PROMPT: Restate the following data in its entirety, word for word and without images.

[Records from a data source]
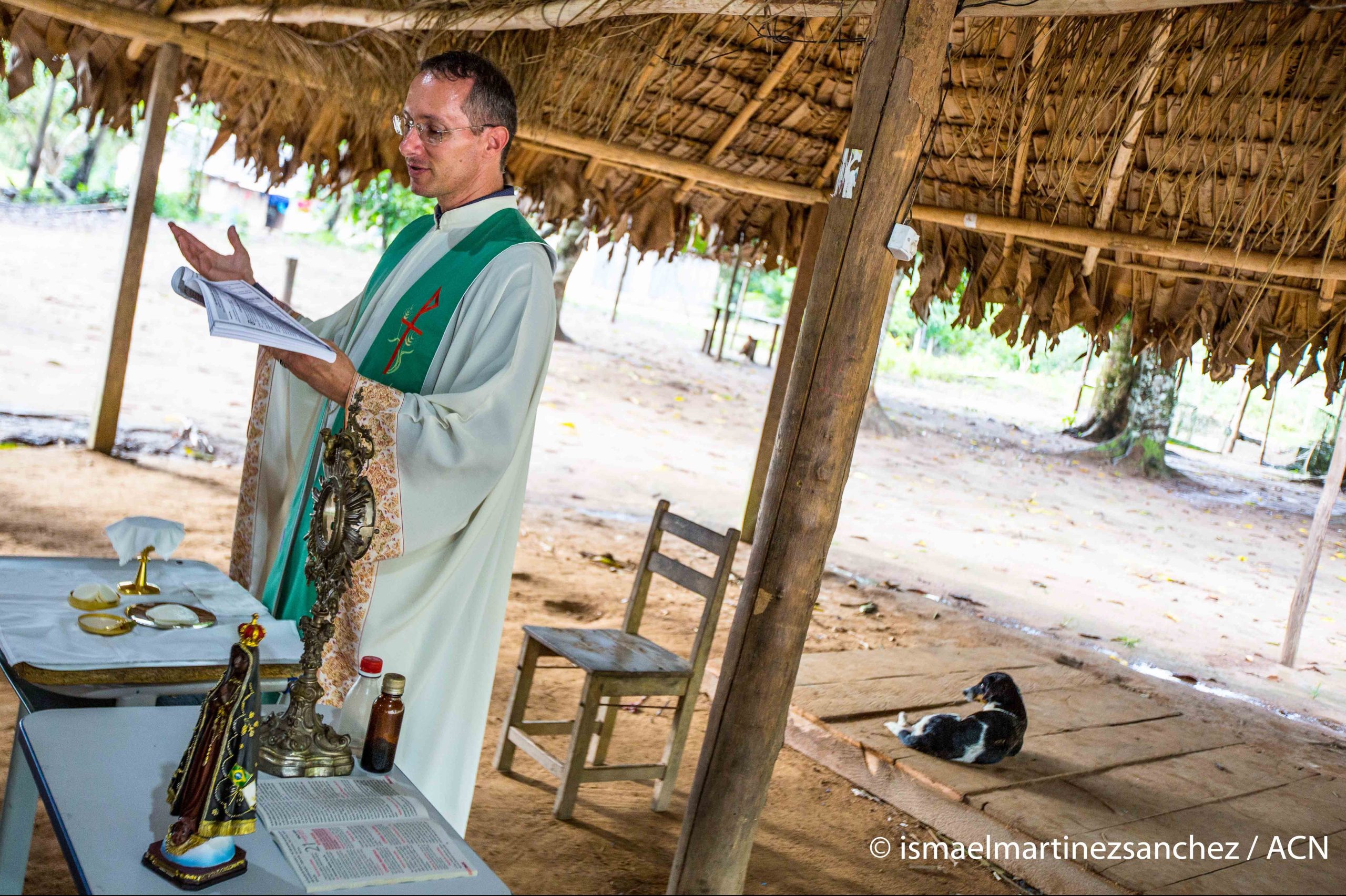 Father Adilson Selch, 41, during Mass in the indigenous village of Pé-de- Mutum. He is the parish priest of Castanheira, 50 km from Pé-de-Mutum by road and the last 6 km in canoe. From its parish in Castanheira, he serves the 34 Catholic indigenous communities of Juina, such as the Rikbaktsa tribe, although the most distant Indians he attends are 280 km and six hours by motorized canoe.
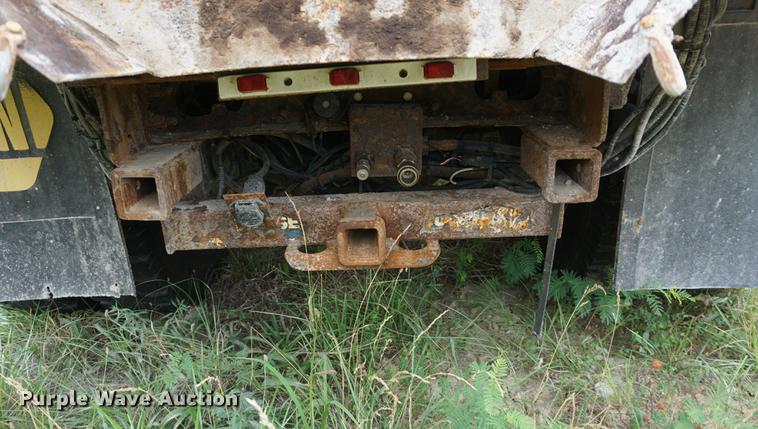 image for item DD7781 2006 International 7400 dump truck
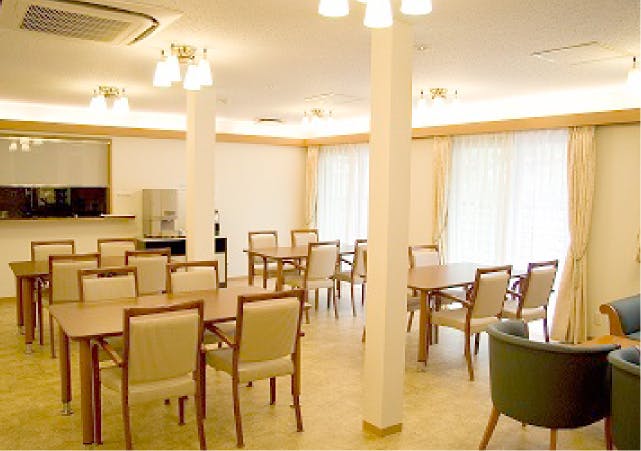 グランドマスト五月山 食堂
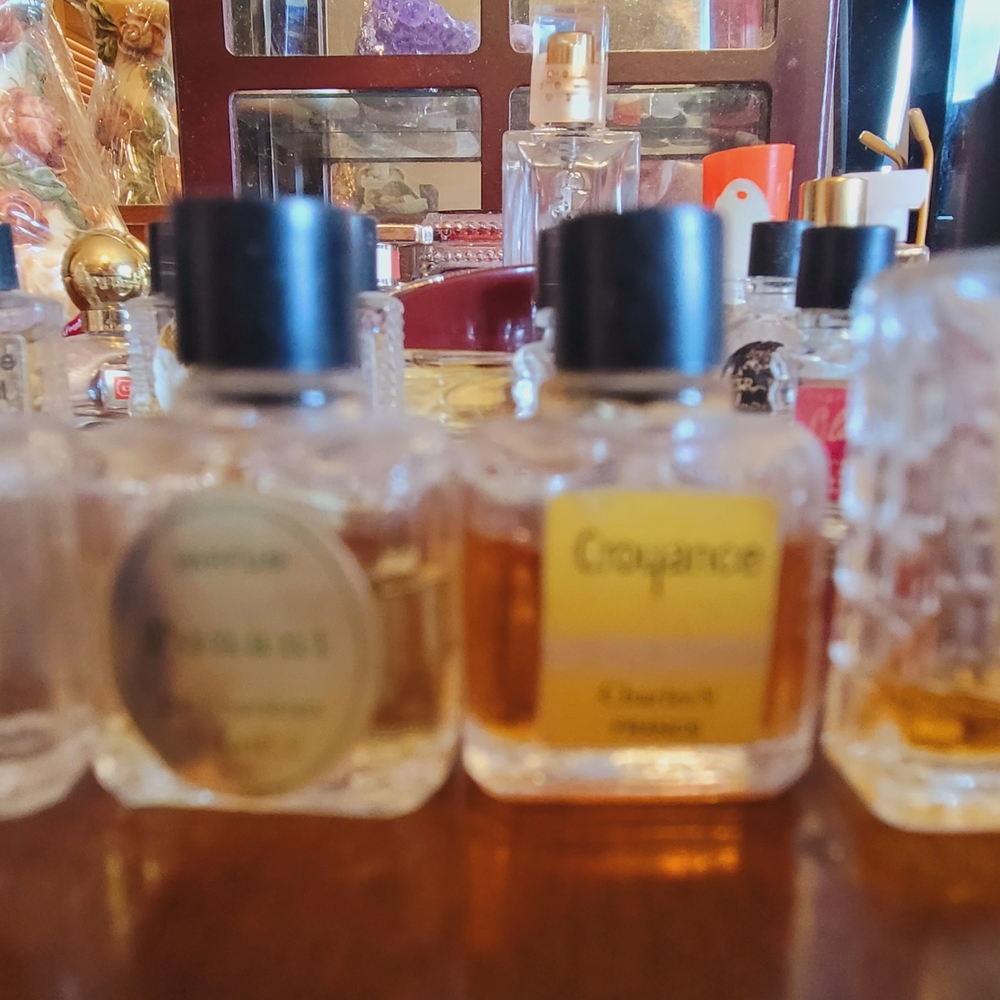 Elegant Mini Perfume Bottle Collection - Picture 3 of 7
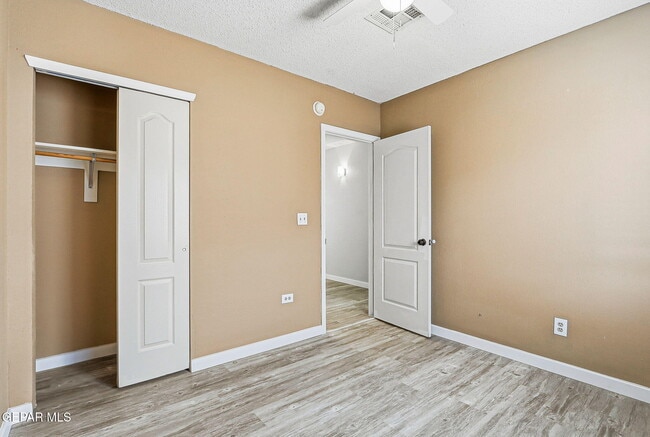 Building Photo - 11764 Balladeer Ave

SOLUTION BELOW:
 Father Adilson Selch, 41, during Mass in the indigenous village of Pé-de- Mutum. He is the parish priest of Castanheira, 50 km from Pé-de-Mutum by road and the last 6 km in canoe. From its parish in Castanheira, he serves the 34 Catholic indigenous communities of Juina, such as the Rikbaktsa tribe, although the most distant Indians he attends are 280 km and six hours by motorized canoe.
 image for item DD7781 2006 International 7400 dump truck
 グランドマスト五月山 食堂
 Elegant Mini Perfume Bottle Collection - Picture 3 of 7
 Building Photo - 11764 Balladeer Ave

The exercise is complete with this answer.